You're telling us now?

An editorial from the LA Times: Home, borrowed home.

INVESTORS, BANKERS and economists — not to mention 80 million U.S. homeowners — are constantly sifting through data to figure out what's going on with the real estate market. New housing starts, raw material costs, time on the market, average rent/mortgage ratios, the Federal Reserve chairman's loose lips — all of these are supposed to give us vague and partial hints about whether the market is heating up, cooling down or "just right."

Yet the answer may be staring us right in the face. If you can't get a house with no money down, the sky is obviously falling.

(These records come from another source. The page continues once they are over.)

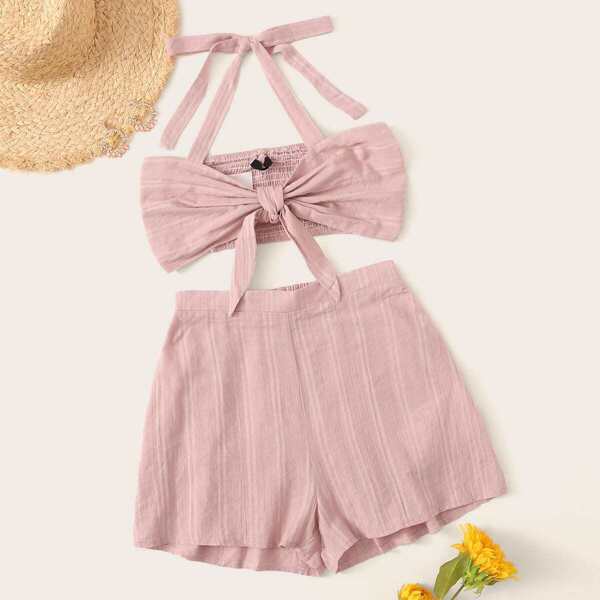 

Solid Knotted Front Shirred Halter Top & Shorts Set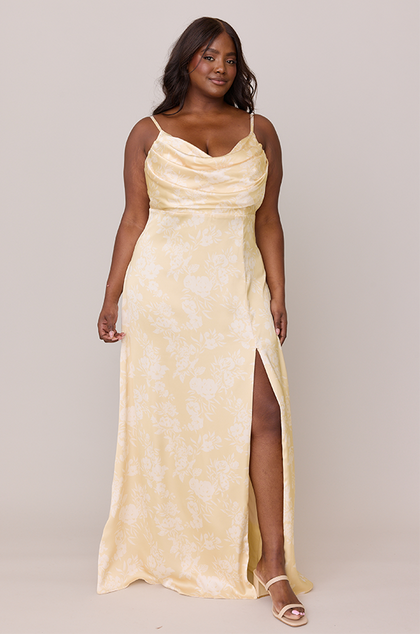 Ember Satin Floral Print Dress | Made To Order | Pale Yellow Bouquet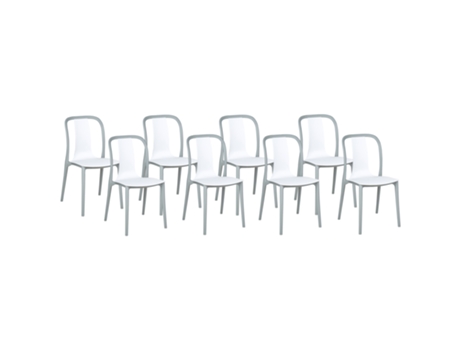 Conjunto de 8 sillas de jardín blanco y gris BELIANI Spezia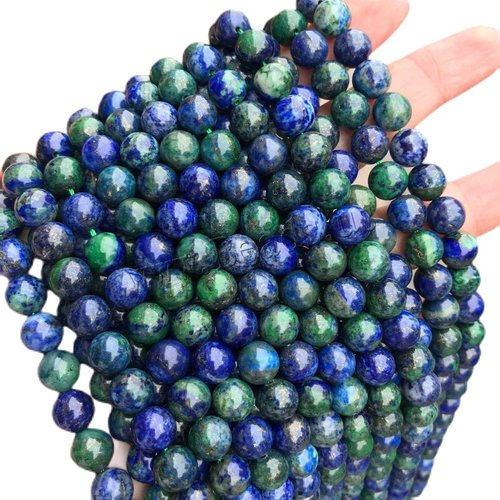 25pcs bleu foncé vert de la pierre naturelle lisse ronde perles lapis-lazuli 4mm sku-255902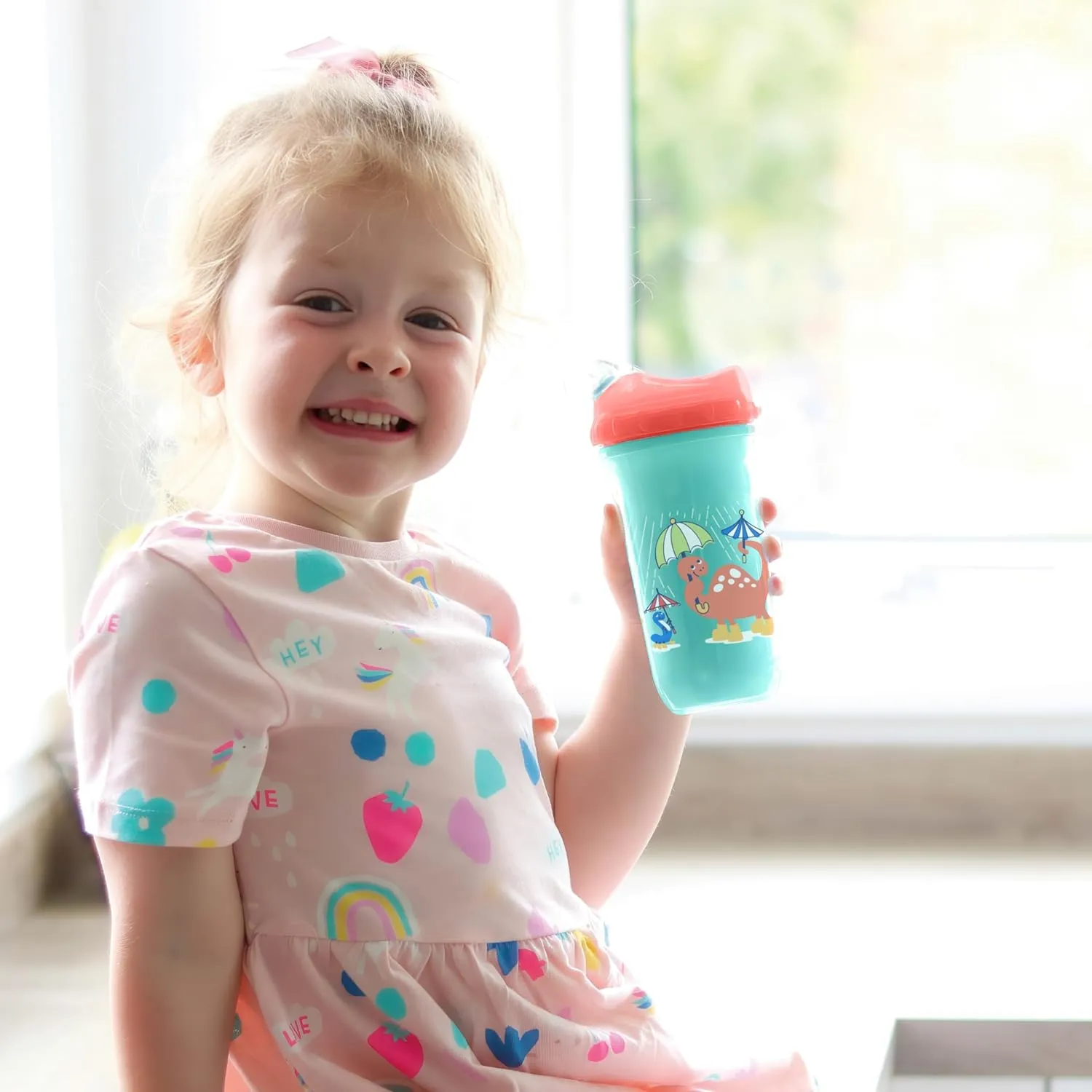 Nuby No Spill Insulated Transition Cup with Soft Rim Spout | 9 oz/ 270 ml | 2 pack: Aqua Animals & White Shapes or Blue Dinosaurs & Yellow Monsters | 18 months  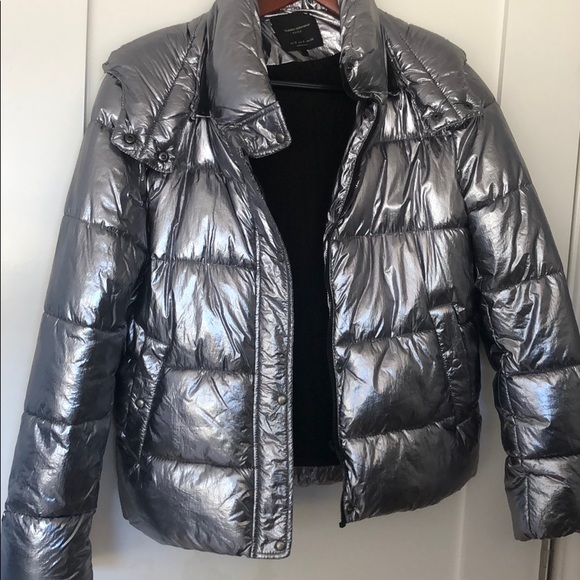 zara metallic puffer jacket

Real estate is a topic so fraught with schadenfreude, forlorn hopes and visions of catastrophe that it almost seems like bad form to remain calm in the face of such bad news. The sub-prime market's 45-fold growth, from $13 billion in 1995 to $594 billion in 2005, stands as a monument to the nation's home-buying mania. You'd need the proverbial heart of stone not to laugh at the suffering of the gamblers who bet that the real estate market could increase indefinitely.

There's a puritanical impulse to say, "If you can't afford a down payment, you shouldn't be buying a house." But it may be more appropriate to marvel at a nation in which you can buy a house the way you'd buy a used car, and to thank the market's powers of natural selection that this behavior is now being curtailed.


Yep, it's certainly being curtailed in a Lizzie-Bordenesque way!